>>>>
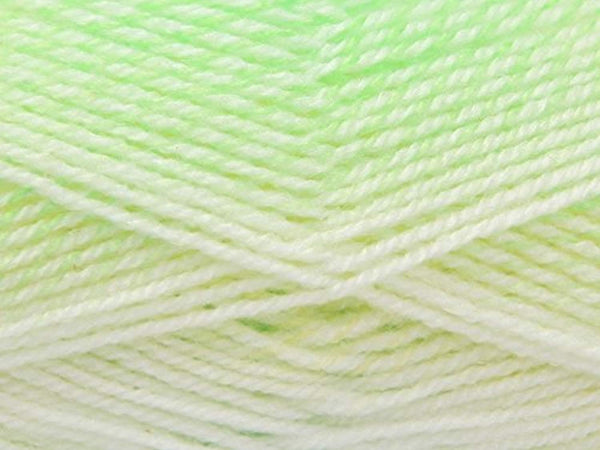 Melody Superball DK Knitting Wool/Yarn Apple 965 - per 200g ball - hanrattycraftsgifts.co.uk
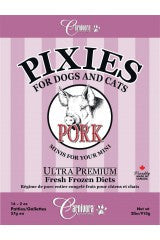 Carnivora Pixies Pork Diet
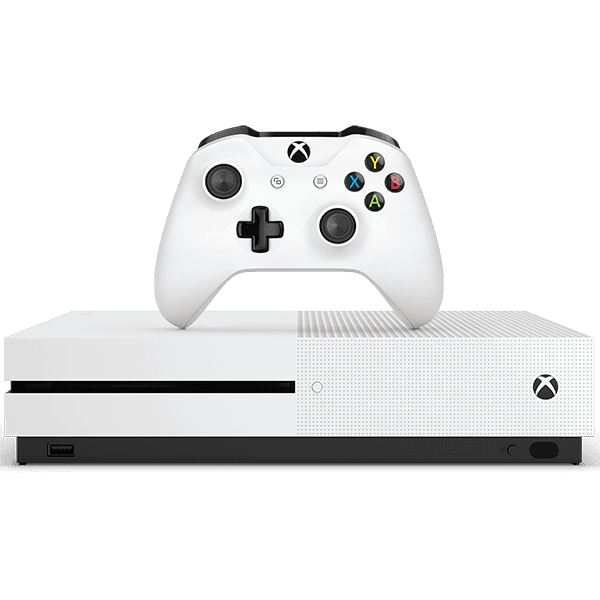 Xbox One S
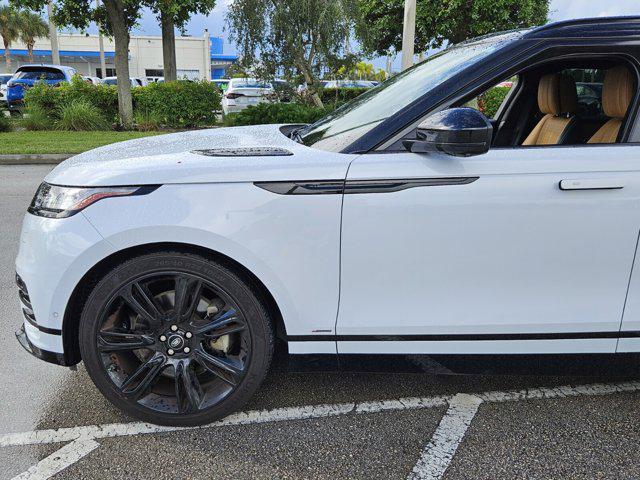 used 2021 Land Rover Range Rover car, priced at $37,299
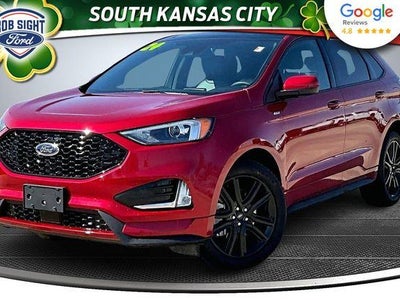 2024 Ford Edge AWD SEL 4DR SUV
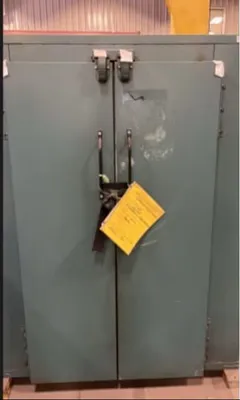 GRIEVE CAH550E4 Ovens | Mohawk Machinery (2)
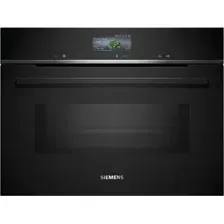 Электрический духовой шкаф Siemens iQ700 CM776G1B1
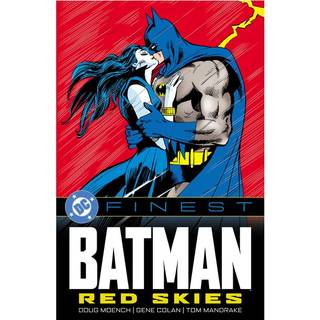 DC Finest: Batman: Red Skies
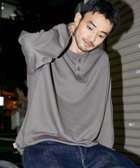 【フリークスストア/FREAK'S STORE】の別注 スピンドル 2パック スウェットセット クルーネック ヘンリーネック 25AW 人気、トレンドファッション・服の通販 founy(ファニー) ファッション Fashion レディースファッション Fashion for Women トップス・カットソー Cut & Sew Tops レディースパーカー・カジュアルフーディー Casual Hoodies & Sweatshirts スウェット・クルーネックトップス Sweatshirts & Crewnecks / Relaxed Fit Sweat Tops インナー Innerwear 軽量 Lightweight, Ultra Light シンプル Simple, Minimal ジャケット Jacket, Outerwear スピンドル Spindle, Drawcord デニム Denim, Jeans Material 定番 Standard, Basic Item バランス Balance, Style Balance 別注 Limited Edition, Custom Order A/W・秋冬 Autumn/Winter 冬 Winter / This Winter おすすめ Recommended / Our Picks ビジネス 仕事 通勤 Business / Work / Commuting 2025年 2025 2025-2026秋冬・A/W Autumn/Winter 2025–26 AW25–26 thumbnail チャコールグレー|ID: prp329100004718333 ipo3291000000034448623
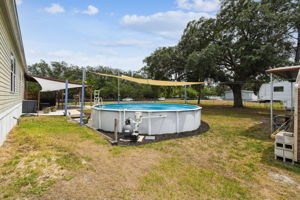 Above Ground Pool
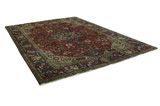 Tabriz Persian Carpet 283x200 - Picture 1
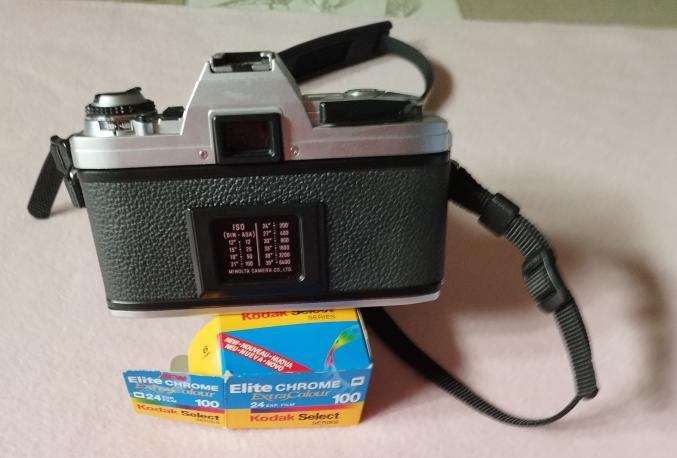 Appareil photo Argentique Minolta X 300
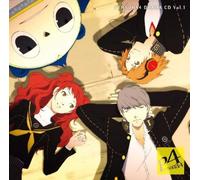 Game Music [Drama CD] - Persona 4 Vol 1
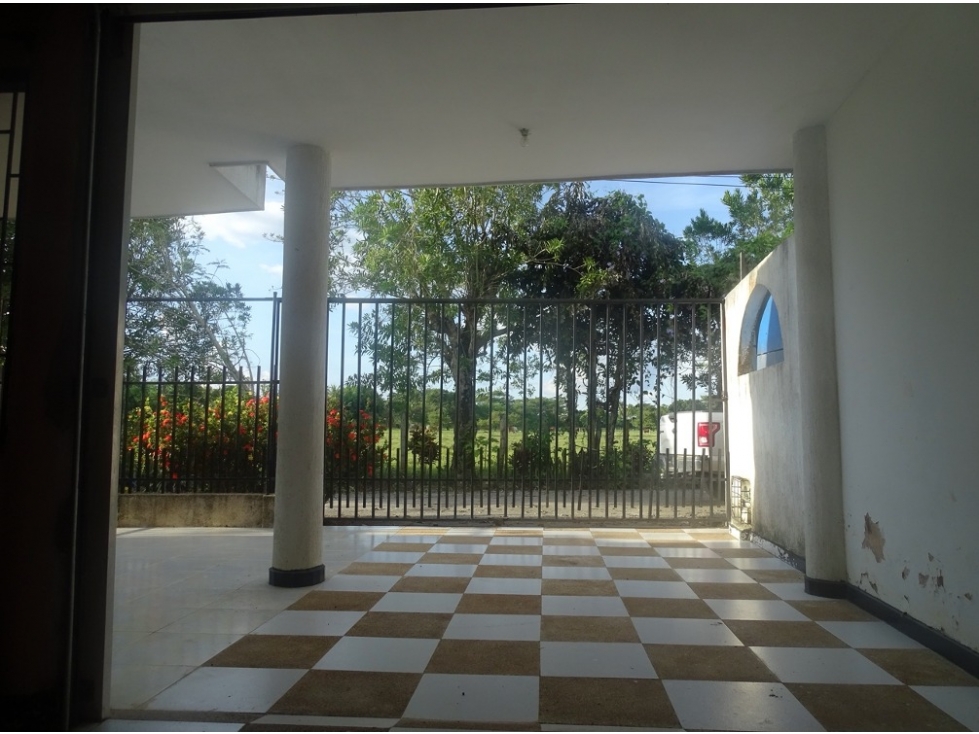 EN VENTA CASA CAMPESTRE EN EL CEIBAL MONTERÍA CÓRODBA COLOMBIA — foto 4
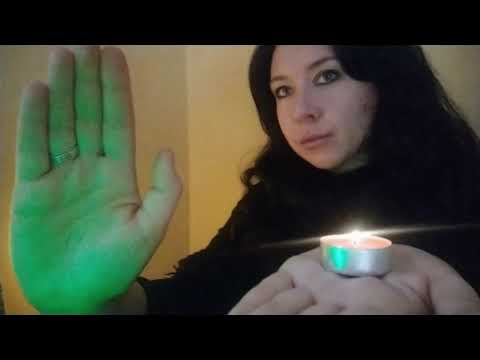 ASMR + REIKI: Let Go of Hate and Anger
<<<<
> _Your instructions_
Write out again only the lines from the line that contains "Электрический духовой шкаф" through the last line of the records, both ends included, without any of the pictures.

> _Response box_
 Электрический духовой шкаф Siemens iQ700 CM776G1B1
 DC Finest: Batman: Red Skies
 【フリークスストア/FREAK'S STORE】の別注 スピンドル 2パック スウェットセット クルーネック ヘンリーネック 25AW 人気、トレンドファッション・服の通販 founy(ファニー) ファッション Fashion レディースファッション Fashion for Women トップス・カットソー Cut & Sew Tops レディースパーカー・カジュアルフーディー Casual Hoodies & Sweatshirts スウェット・クルーネックトップス Sweatshirts & Crewnecks / Relaxed Fit Sweat Tops インナー Innerwear 軽量 Lightweight, Ultra Light シンプル Simple, Minimal ジャケット Jacket, Outerwear スピンドル Spindle, Drawcord デニム Denim, Jeans Material 定番 Standard, Basic Item バランス Balance, Style Balance 別注 Limited Edition, Custom Order A/W・秋冬 Autumn/Winter 冬 Winter / This Winter おすすめ Recommended / Our Picks ビジネス 仕事 通勤 Business / Work / Commuting 2025年 2025 2025-2026秋冬・A/W Autumn/Winter 2025–26 AW25–26 thumbnail チャコールグレー|ID: prp329100004718333 ipo3291000000034448623
 Above Ground Pool
 Tabriz Persian Carpet 283x200 - Picture 1
 Appareil photo Argentique Minolta X 300
 Game Music [Drama CD] - Persona 4 Vol 1
 EN VENTA CASA CAMPESTRE EN EL CEIBAL MONTERÍA CÓRODBA COLOMBIA — foto 4
 ASMR + REIKI: Let Go of Hate and Anger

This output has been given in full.